Data shown
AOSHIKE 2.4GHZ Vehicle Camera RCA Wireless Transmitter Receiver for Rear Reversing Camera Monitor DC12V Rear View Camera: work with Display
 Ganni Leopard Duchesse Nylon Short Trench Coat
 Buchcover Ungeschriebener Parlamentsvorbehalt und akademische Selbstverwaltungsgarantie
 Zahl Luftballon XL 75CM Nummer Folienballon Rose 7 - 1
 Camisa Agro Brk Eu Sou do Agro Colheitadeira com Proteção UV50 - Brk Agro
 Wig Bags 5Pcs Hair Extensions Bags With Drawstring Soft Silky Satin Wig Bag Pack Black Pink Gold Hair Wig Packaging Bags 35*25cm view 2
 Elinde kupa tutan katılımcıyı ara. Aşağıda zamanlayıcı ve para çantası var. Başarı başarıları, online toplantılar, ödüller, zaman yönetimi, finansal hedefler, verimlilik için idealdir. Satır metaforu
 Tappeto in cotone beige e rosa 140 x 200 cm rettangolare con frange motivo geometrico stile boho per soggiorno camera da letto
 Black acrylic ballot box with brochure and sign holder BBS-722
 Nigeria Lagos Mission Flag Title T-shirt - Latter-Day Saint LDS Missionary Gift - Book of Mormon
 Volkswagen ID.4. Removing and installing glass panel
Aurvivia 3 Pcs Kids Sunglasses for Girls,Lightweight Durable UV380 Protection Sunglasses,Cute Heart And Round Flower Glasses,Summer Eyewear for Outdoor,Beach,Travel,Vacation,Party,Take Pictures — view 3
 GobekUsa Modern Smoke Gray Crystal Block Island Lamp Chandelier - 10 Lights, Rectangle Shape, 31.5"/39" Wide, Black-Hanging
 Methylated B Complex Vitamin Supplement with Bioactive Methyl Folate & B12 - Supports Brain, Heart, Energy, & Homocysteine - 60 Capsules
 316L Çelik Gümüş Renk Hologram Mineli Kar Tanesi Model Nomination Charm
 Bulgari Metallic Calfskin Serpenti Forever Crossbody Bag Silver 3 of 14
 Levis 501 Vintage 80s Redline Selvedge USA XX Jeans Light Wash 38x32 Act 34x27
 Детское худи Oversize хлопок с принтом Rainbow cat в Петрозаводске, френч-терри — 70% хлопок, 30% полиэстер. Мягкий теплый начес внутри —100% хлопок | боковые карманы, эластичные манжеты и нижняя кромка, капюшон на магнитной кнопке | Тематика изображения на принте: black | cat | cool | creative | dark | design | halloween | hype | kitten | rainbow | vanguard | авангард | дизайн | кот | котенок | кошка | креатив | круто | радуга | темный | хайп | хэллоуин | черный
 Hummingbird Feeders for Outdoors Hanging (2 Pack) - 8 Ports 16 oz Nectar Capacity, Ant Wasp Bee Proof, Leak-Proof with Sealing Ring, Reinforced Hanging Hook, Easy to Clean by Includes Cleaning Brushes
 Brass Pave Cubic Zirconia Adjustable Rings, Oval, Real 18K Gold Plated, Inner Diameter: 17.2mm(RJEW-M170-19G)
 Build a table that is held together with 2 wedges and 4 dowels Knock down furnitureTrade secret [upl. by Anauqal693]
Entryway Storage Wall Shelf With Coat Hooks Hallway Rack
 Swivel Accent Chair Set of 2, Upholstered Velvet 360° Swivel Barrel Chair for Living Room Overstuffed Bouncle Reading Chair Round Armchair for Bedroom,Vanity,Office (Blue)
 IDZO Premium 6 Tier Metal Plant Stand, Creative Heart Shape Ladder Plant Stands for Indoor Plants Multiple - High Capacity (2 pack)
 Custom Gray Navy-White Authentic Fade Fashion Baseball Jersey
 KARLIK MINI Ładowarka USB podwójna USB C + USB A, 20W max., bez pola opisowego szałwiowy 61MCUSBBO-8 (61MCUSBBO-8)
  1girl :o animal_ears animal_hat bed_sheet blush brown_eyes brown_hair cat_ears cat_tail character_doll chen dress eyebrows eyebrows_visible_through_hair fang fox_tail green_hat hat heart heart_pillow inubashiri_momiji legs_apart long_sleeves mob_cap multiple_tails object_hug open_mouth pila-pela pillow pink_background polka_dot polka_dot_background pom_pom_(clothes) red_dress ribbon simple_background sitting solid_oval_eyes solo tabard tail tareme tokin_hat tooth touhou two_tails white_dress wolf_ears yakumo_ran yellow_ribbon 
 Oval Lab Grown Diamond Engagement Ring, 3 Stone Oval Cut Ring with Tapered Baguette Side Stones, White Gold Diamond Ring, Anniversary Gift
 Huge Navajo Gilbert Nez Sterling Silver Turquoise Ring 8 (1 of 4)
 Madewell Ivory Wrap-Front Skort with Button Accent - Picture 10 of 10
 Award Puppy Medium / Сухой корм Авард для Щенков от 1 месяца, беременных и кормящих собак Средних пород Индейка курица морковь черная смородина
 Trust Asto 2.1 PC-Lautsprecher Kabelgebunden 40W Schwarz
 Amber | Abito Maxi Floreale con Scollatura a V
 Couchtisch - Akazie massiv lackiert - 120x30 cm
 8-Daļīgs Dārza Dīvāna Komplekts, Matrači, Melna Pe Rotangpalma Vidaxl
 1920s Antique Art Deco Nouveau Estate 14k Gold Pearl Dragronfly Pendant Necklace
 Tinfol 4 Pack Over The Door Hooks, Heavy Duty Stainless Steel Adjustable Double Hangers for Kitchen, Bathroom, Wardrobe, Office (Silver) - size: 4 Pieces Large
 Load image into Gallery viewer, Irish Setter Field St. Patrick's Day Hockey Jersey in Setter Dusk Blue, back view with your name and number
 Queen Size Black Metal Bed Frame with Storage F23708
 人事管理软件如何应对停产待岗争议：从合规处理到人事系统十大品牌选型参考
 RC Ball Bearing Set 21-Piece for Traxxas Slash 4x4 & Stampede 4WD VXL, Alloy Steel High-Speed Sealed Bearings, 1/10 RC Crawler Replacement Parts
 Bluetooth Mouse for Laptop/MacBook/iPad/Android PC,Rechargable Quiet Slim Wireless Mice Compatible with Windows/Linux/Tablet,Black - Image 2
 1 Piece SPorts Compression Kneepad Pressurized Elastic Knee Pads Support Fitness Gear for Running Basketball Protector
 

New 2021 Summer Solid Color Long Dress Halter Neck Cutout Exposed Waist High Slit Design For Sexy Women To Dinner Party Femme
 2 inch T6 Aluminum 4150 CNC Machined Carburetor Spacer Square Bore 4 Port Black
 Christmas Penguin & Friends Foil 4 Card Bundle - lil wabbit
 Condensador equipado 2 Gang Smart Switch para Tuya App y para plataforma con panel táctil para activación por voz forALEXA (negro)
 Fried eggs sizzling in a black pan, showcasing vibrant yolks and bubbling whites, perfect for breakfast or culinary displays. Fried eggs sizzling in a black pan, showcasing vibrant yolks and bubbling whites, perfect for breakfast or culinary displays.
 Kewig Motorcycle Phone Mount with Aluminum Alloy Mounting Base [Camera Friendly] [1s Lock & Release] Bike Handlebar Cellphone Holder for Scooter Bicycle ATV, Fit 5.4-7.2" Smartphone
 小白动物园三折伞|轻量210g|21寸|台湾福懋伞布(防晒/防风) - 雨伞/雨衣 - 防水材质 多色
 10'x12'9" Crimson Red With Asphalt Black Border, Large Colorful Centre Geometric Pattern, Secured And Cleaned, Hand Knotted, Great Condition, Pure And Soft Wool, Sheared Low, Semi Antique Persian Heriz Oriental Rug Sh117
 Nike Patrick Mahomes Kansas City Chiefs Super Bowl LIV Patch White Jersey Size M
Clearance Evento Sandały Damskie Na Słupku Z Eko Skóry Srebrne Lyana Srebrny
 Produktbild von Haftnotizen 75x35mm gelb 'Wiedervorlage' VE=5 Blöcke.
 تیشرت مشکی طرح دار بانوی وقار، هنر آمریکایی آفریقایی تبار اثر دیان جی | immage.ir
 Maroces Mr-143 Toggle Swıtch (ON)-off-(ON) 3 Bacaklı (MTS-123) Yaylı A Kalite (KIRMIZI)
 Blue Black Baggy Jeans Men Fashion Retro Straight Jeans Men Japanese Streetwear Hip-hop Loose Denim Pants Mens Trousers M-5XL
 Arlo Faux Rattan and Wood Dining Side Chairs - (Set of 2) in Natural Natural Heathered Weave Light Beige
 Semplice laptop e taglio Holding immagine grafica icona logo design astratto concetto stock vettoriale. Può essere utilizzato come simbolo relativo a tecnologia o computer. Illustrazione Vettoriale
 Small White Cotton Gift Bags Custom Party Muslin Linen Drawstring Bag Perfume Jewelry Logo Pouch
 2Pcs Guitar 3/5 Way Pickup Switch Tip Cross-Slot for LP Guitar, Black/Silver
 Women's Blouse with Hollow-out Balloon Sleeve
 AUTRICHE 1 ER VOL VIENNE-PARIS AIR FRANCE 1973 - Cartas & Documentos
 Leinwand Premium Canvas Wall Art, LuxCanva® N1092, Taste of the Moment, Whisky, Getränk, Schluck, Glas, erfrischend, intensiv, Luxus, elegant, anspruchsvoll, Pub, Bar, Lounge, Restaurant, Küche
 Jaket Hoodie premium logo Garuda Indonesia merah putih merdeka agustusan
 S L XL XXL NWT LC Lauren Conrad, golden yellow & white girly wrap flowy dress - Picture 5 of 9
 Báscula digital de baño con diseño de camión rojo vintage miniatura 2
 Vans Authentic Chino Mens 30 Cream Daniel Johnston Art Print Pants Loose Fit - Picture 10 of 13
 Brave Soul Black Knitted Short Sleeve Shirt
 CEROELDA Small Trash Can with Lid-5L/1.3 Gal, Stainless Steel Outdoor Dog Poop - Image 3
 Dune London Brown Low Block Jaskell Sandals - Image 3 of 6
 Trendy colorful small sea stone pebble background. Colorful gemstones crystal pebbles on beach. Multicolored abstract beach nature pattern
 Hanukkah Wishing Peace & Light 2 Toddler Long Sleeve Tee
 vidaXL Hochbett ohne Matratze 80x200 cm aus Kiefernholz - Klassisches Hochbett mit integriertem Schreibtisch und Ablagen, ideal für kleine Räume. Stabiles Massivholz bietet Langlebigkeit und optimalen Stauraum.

Work item
With the first line being the one containing "Hummingbird Feeders for" and the last line the one containing "IDZO Premium 6", transcribe exactly the lines above that fall in that range.

Solution
 Hummingbird Feeders for Outdoors Hanging (2 Pack) - 8 Ports 16 oz Nectar Capacity, Ant Wasp Bee Proof, Leak-Proof with Sealing Ring, Reinforced Hanging Hook, Easy to Clean by Includes Cleaning Brushes
 Brass Pave Cubic Zirconia Adjustable Rings, Oval, Real 18K Gold Plated, Inner Diameter: 17.2mm(RJEW-M170-19G)
 Build a table that is held together with 2 wedges and 4 dowels Knock down furnitureTrade secret [upl. by Anauqal693]
Entryway Storage Wall Shelf With Coat Hooks Hallway Rack
 Swivel Accent Chair Set of 2, Upholstered Velvet 360° Swivel Barrel Chair for Living Room Overstuffed Bouncle Reading Chair Round Armchair for Bedroom,Vanity,Office (Blue)
 IDZO Premium 6 Tier Metal Plant Stand, Creative Heart Shape Ladder Plant Stands for Indoor Plants Multiple - High Capacity (2 pack)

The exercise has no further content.